Medici liberi a loro rischio e pericolo

Ma al Consiglio di Stato sembra sfuggire la realtà complessa: i medici – sono oltre mille, in Italia – che prescrivono antinfiammatorii contro il Covid, lo fanno a loro rischio e pericolo. Gli antinfiammatori stessi, che sono “a carico della mutua” se prescritti per altre patologie, quando vengono prescritti per il Covid sono integralmente a carico del paziente.

E il medico che li prescrive, se il paziente si aggrava lo stesso o muore, rischia. Il paradosso è che il medico “obbediente al protocollo“, che non prescrive niente, lascia il paziente in “vigile” e nullafacente attesa, lasciando che sia il destino a decidere la gravità dell’infezione, se il paziente qualche giorno dopo finisce in terapia intensiva e muore, è pienamente garantito, proprio perché ha seguito le linee guida.

Una libertà con la pistola alla tempia

Mentre il medico che ai primi sintomi agisce immediatamente, combatte il virus con le armi che abbiamo, cerca di frenare l’avanzata del male nell’organismo del paziente, se questi dovesse comunque aggravarsi o morire, è esposto personalmente, perché ha prescritto una cura diversa, fuori protocollo, non prevista dalle linee guida. E potrebbe essere chiamato a risponderne.

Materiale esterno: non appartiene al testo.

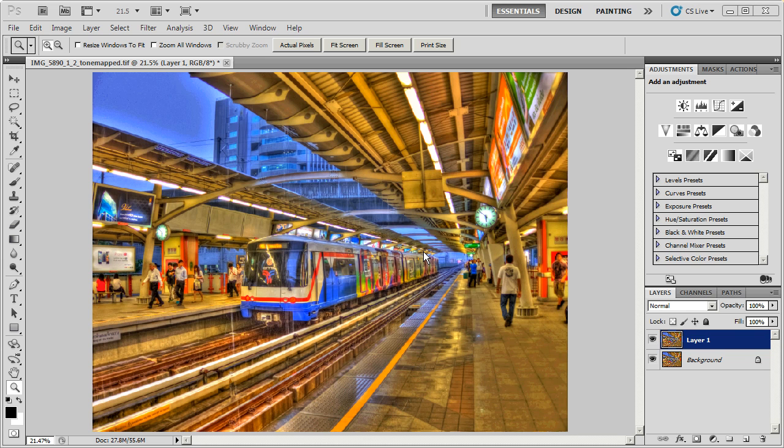Now I always use it at the beginning of my processing and that's usually after I create my HDR photo from Photomatix. This particular photo was created in Photomatix, tone mapped in Photomatix, and then I bring it into Photoshop for post processing. Before I start doing anything to it I always denoise my photo first.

Quindi è vero che il medico è libero di consigliare la cura che ritiene migliore. Ma è una libertà con la pistola alla tempia. Il dottor Szumski in Veneto, e tanti medici come lui in Italia, sono continuamente perseguitati per le loro scelte, sono oggetto di procedimenti disciplinari dell’Ordine dei medici, rischiano sanzioni, sospensioni, vengono attaccati pubblicamente dai dirigenti sanitari regionali e perfino dai Prefetti. E’ libertà, questa?

Giudizio di merito, Consiglio di Stato pronto a bocciare

C’è un  altro aspetto da sottolineare. L’argomento con il quale il Consiglio di Stato ha cassato l’ordinanza cautelativa del Tar, sembra fatto apposta per essere replicato pari pari nel giudizio di merito la cui udienza è fissata il 20 luglio.

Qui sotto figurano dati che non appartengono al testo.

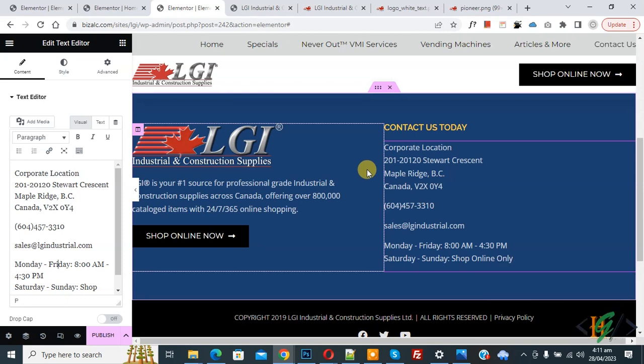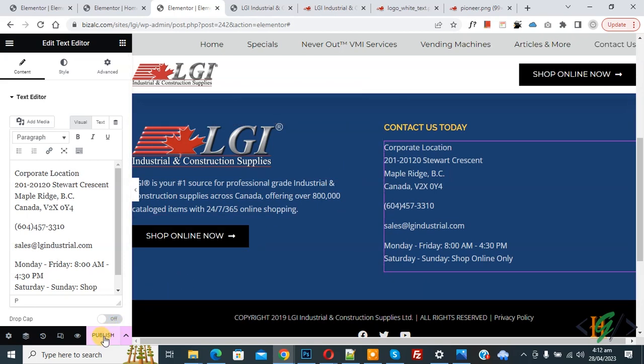We are using the Elementor Pro plugin. On screen you can see the custom footer we created. Now we are going to display it on the entire website. On the bottom left you see the Publish button, so click on it.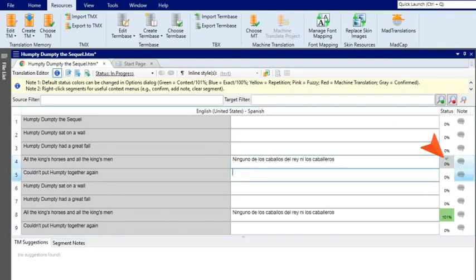See the check mark that appears next to the translation? You just confirmed the translation—you told Lingo it was the right translation, and so it added it to the translation memory. Later when you see this segment in the project again, Lingo will offer this translation to you as a suggestion.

Se il Consiglio di Stato ritiene che il protocollo non sia vincolante, e il medico sia comunque libero di prescrivere la cura migliore, e quindi non vi sia motivo per la sospensione “cautelativa” del protocollo ministeriale, lo stesso identico ragionamento potrà essere impiegato per bocciare anche l’eventuale decisione di merito del Tar che dovesse dar ragione al Comitato Cura Domiciliare e disapplicare le linee guida ministeriali.

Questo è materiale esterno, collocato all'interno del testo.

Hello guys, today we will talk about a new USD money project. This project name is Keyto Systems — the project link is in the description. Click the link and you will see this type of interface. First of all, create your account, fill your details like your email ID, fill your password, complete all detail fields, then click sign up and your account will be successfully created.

Ritardo Italia, Case farmaceutiche felici

Le cose, quindi, si mettono male. Già adesso l’Italia è in ritardo di oltre un anno, rispetto ad altri Paesi nei quali la cura domiciliare precoce con antinfiammatorii è non solo consentita, ma inserita nei protocolli e largamente praticata, con risultati notevolmente migliori di quelli italiani nel contrasto alla pandemia Covid. Ma l’ostinazione del ministro Speranza rischia di disincentivare ancora a lungo l’adozione su larga scala della cura domiciliare.

Ne saranno felici le grandi Case farmaceutiche, che con i vaccini stanno incassando migliaia di miliardi. Una popolazione impaurita, privata di libertà fondamentali, minacciata di dover rinunciare alle vacanze o al lavoro o a qualunque svago se non si farà vaccinare, guidata a pensare che “non esiste cura” e che i vaccini “sperimentali”, anche se un po’ di gente muore, sono comunque l’unica via di uscita, sarà pronta a vaccinarsi, una volta all’anno, prima una variante, poi l’altra, e il business continua.